"Tuesday, After Christmas" goes down pretty smooth, with a sneaky-powerful aftertaste. Yes, it's a Romanian film, but one set in an intimate, highly recognizable middle-class world of consumer capitalism, not some ultra-grimy zone of art-house despair. Its central romantic triangle, if that's not too glorious a term, involves a 40ish financial professional, his wife (who seems to be a lawyer) and his mistress (the family dentist). These people eat at McDonald's when they're in a hurry, debate whether to send packages by UPS or DHL, buy their daughter Barbie paraphernalia and a snowboard, plan a vacation in the Austrian Alps. Their homes are decorated in the neutral, tasteful style of the international semi-affluent bourgeoisie. And beneath the sleek, pleasant surface of their lives, suggests director Radu Muntean, dark forces are stirring like sea monsters in a placid sea. (This is Muntean's first American release, but he's almost as well known in Romania as Cristian Mungiu of "4 Months, 3 Weeks and 2 Days" and Cristi Puiu of "The Death of Mr. Lazarescu.")
Muntean opens the movie with a long, seemingly sunny, single-take scene of the likable, silver-haired Paul (Mimi Brănescu) in bed with the young, blond Raluca (Maria Popistaşu). They're naked and have clearly just made love; the filmmaker is counting on the fact that we'll be drawn in by the post-coital mood and by the beautiful female nude, presented almost as an art-history odalisque. At first we don't know anything about Paul and Raluca's relationship, but something in their tentative talk of the future and in Paul's manner -- simultaneously cajoling and manipulative -- begins to fill in the blanks. When Raluca utters the name "Adriana" the scene's mood shifts. We'll meet Adriana (Mirela Oprişor), a petite, intense brunette, shortly. She's the wife, and Raluca is the other woman.

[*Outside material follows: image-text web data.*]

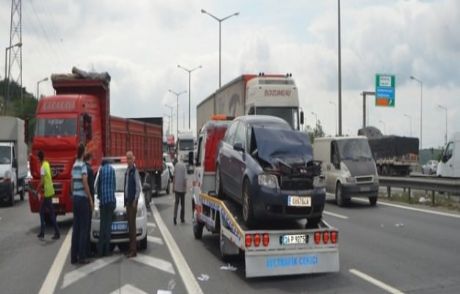Kaza Trafiği Felç Etti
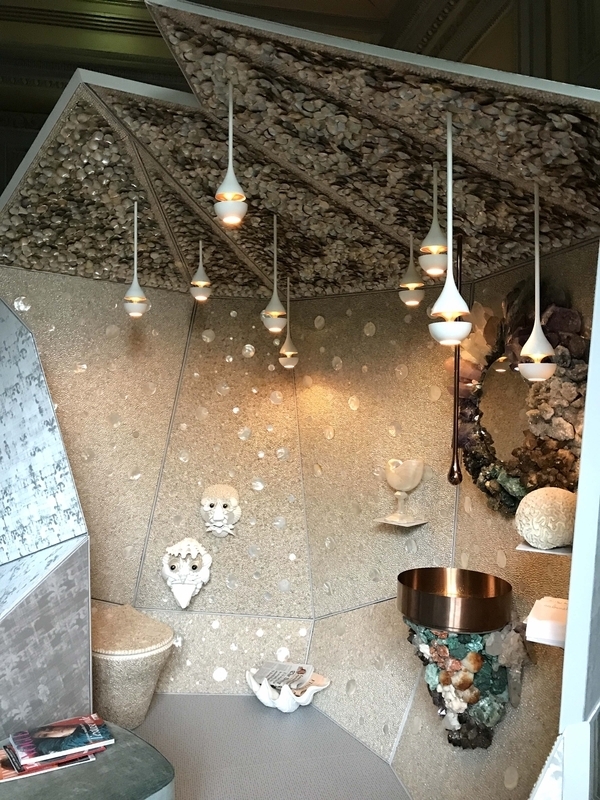 Thomas Boog（トーマス・ブーグ）氏の作品。壁面、天井には貝殻が張り巡らされてある。
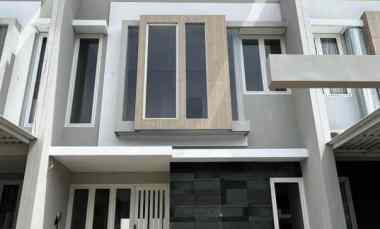 Rumah Baru Lebar 6 meter di Sukolilo Dian Regency Banyak Bonusnya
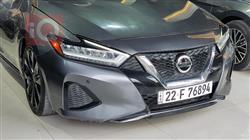 Nissan Maxima
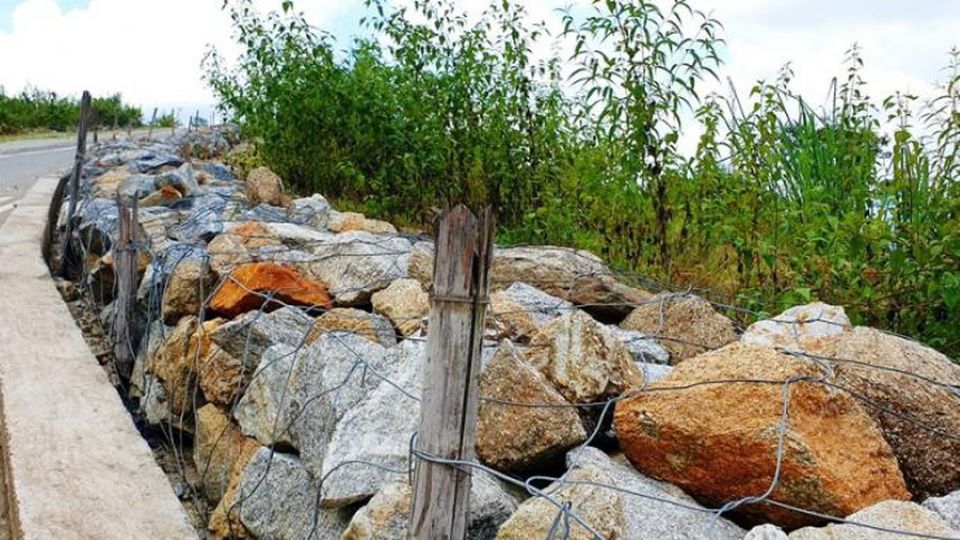 Nhếch nhác tuyến đường tránh đèo Văng Rơi 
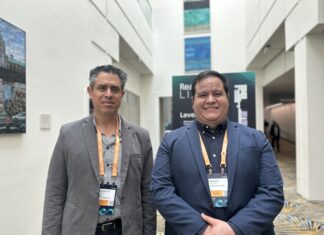 Realize LIVE 2025: Siemens y Arca Continental, una alianza que impulsa la eficiencia en las plantas industriales Roberto Ontiveros y Sergio Antonio Anguiano Tardáguila, de Arca Continental.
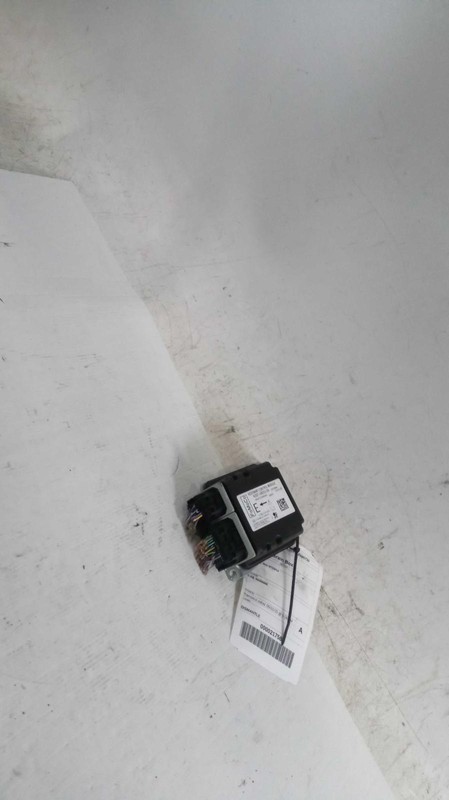 Used Air Bag Module fits: 2019 Ford Edge Air Bag thru 07/23/19 Grade A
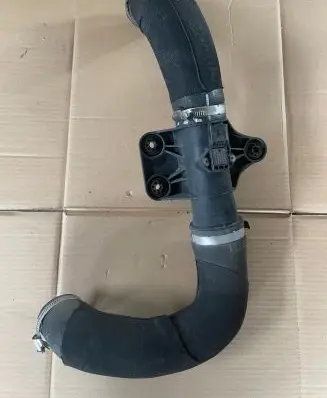 Audi A6 C7 Intercooler hose/pipe 4G0145737AG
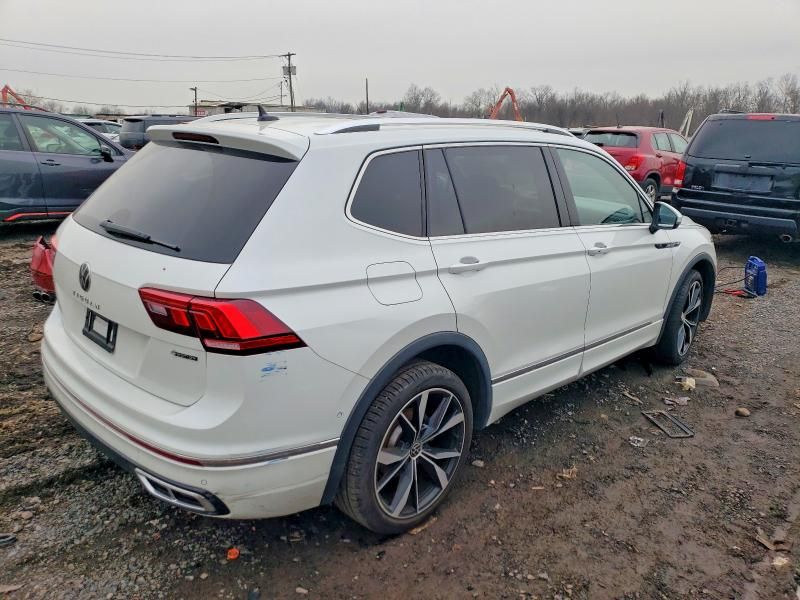 2023 Volkswagen Tiguan sel R-line Black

All of "Tuesday, After Christmas" is shot this way, in extended, carefully choreographed takes rich with dialogue, that feel almost like live theater. There are some devastating Chekhov-comedy collisions in the middle scenes, but the three characters come together only once, when Adriana shows up for a conference about her daughter's orthodontia, completely unaware that the woman attaching the braces is also screwing her husband. (Raluca later refers to this scene as a "close encounter of the third kind," and it does possess an almost out-of-body character.) I didn't try to count, but there can't be many more than, say, two dozen shots in the entire movie. But Muntean's impressive technique never feels like an end in itself; it's more like he creates a transparent window that brings us face to face with the inescapable moral issues within Paul's quandary. And make no mistake, this is a moral fable, disarmingly simple and fatefully complicated, about a basically decent and honest guy who is treating his marriage and family like a commodity, to be traded in for a newer, shinier model.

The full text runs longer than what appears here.